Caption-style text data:
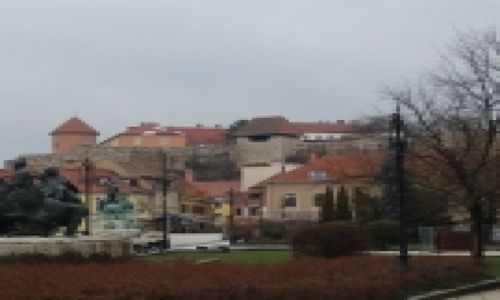 Zdjecie WGRY / pogrze bukowe / eger / miasto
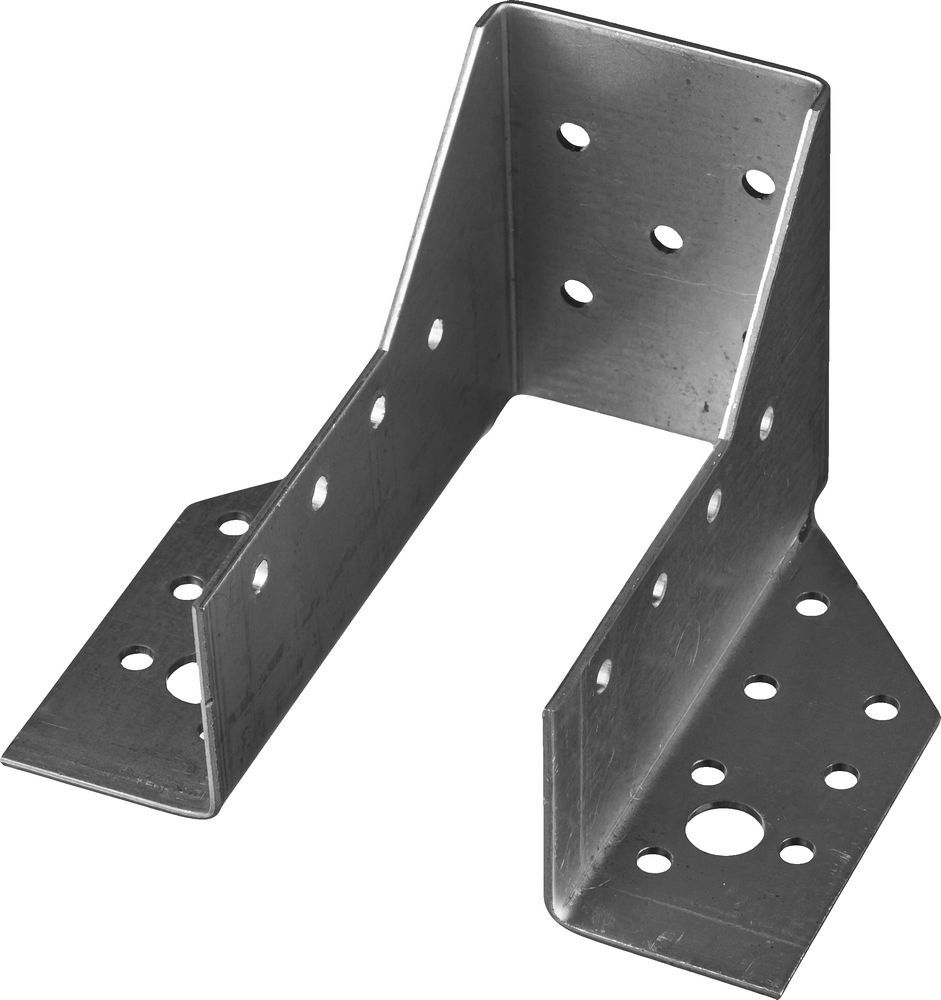 Крепление балки открытое КБО-2.0 51 x 105 x 2 мм, цинк ЗУБР 310186-051-105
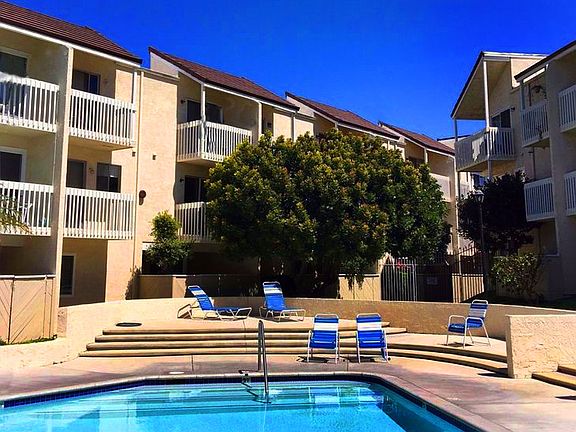 Pool and surrounding area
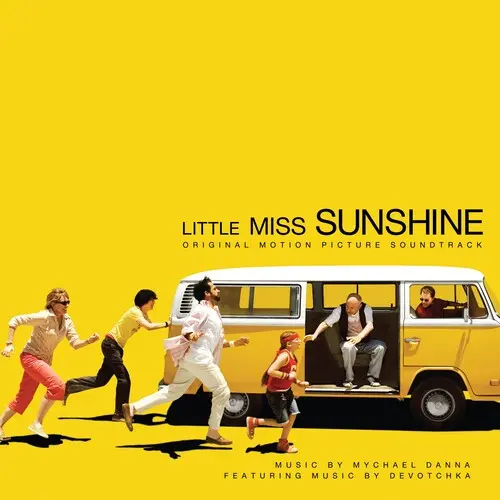 Little Miss Sunshine / O.S.T.: Little Miss Sunshine (Original Soundtrack) - Vinyl Lp 1
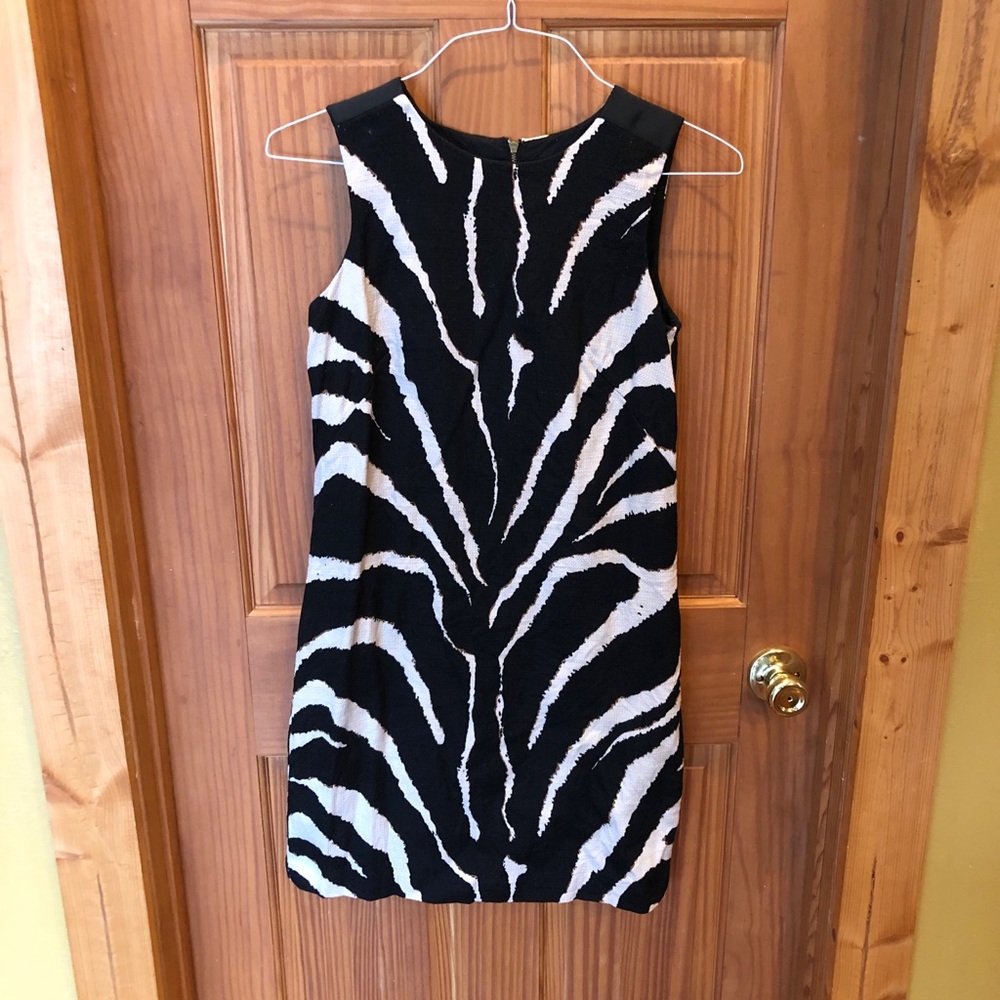 Loft Dress Size 4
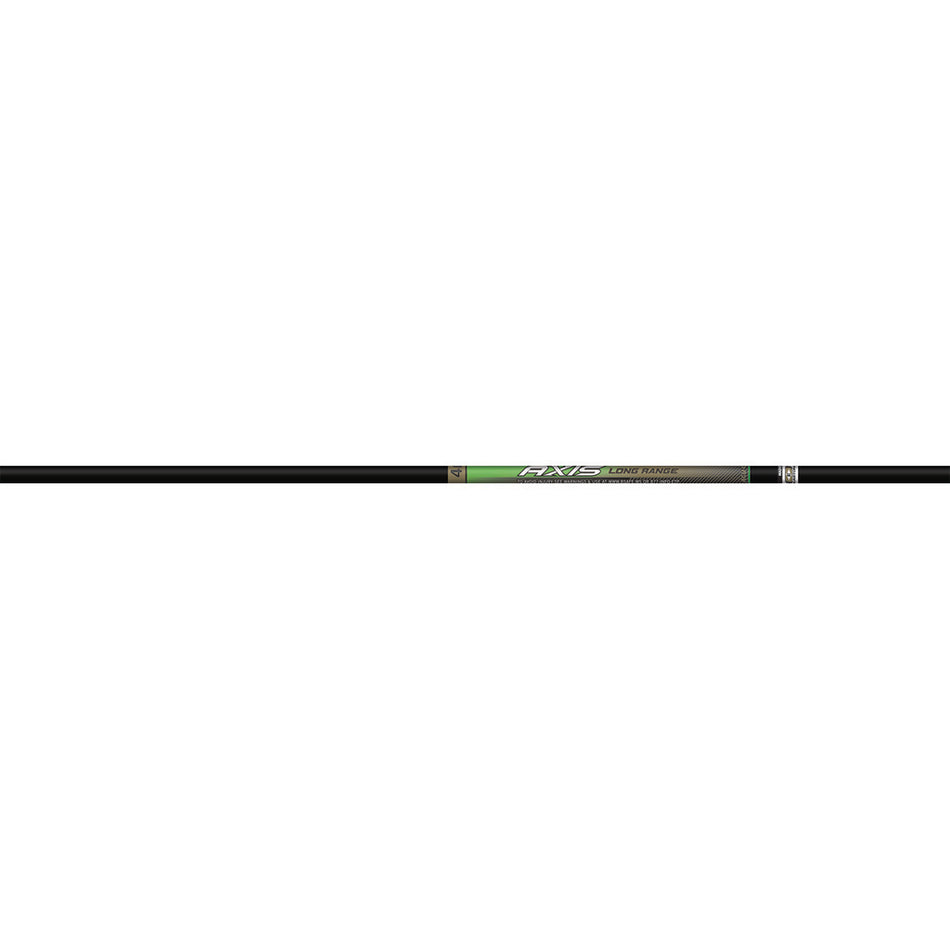 Easton 4mm Axis Long Range Shafts 340 1 Doz.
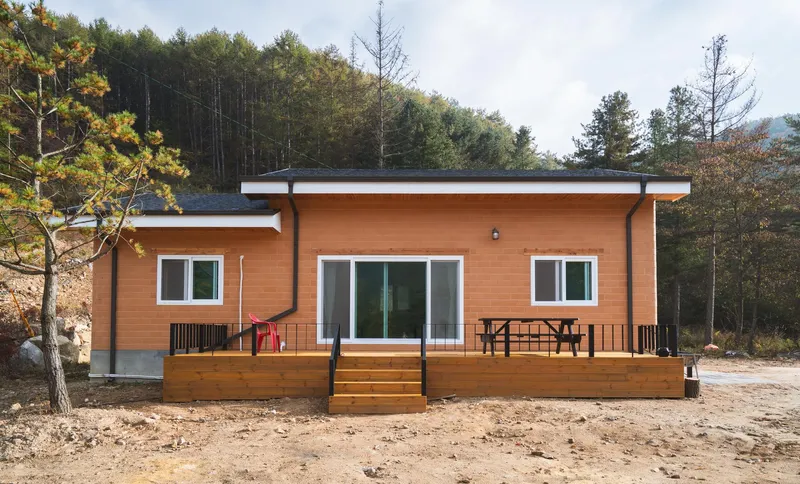[Yeongju] Hwangtobang Pension in Sobaeksan National Park 15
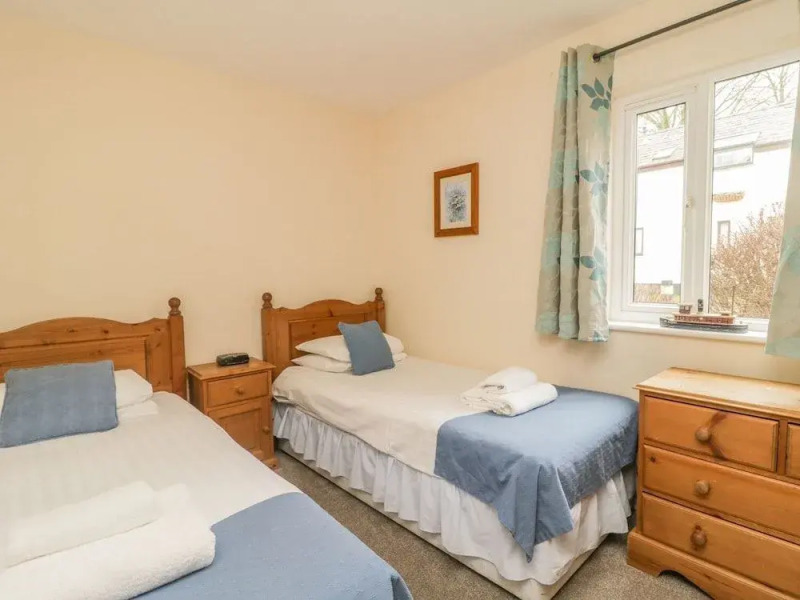 Whitbarrow Holiday Village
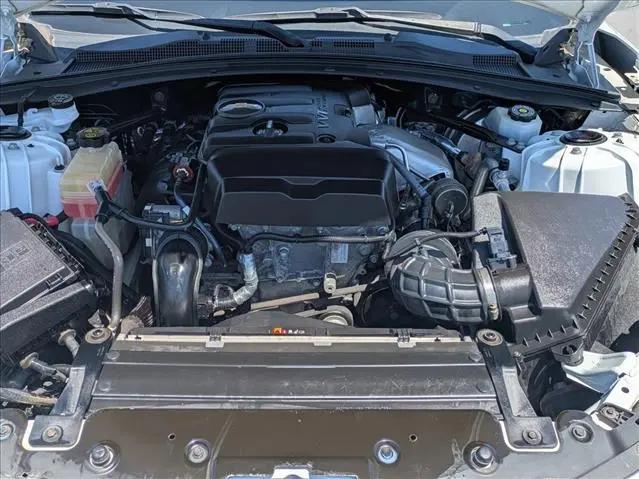 2020 Chevrolet Camaro RWD Convertible 1LT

▶ _Exercise_:
Copy out the entries exactly. No pictures.

▶ _Problem solution_:
 Zdjecie WGRY / pogrze bukowe / eger / miasto
 Крепление балки открытое КБО-2.0 51 x 105 x 2 мм, цинк ЗУБР 310186-051-105
 Pool and surrounding area
 Little Miss Sunshine / O.S.T.: Little Miss Sunshine (Original Soundtrack) - Vinyl Lp 1
 Loft Dress Size 4
 Easton 4mm Axis Long Range Shafts 340 1 Doz.
[Yeongju] Hwangtobang Pension in Sobaeksan National Park 15
 Whitbarrow Holiday Village
 2020 Chevrolet Camaro RWD Convertible 1LT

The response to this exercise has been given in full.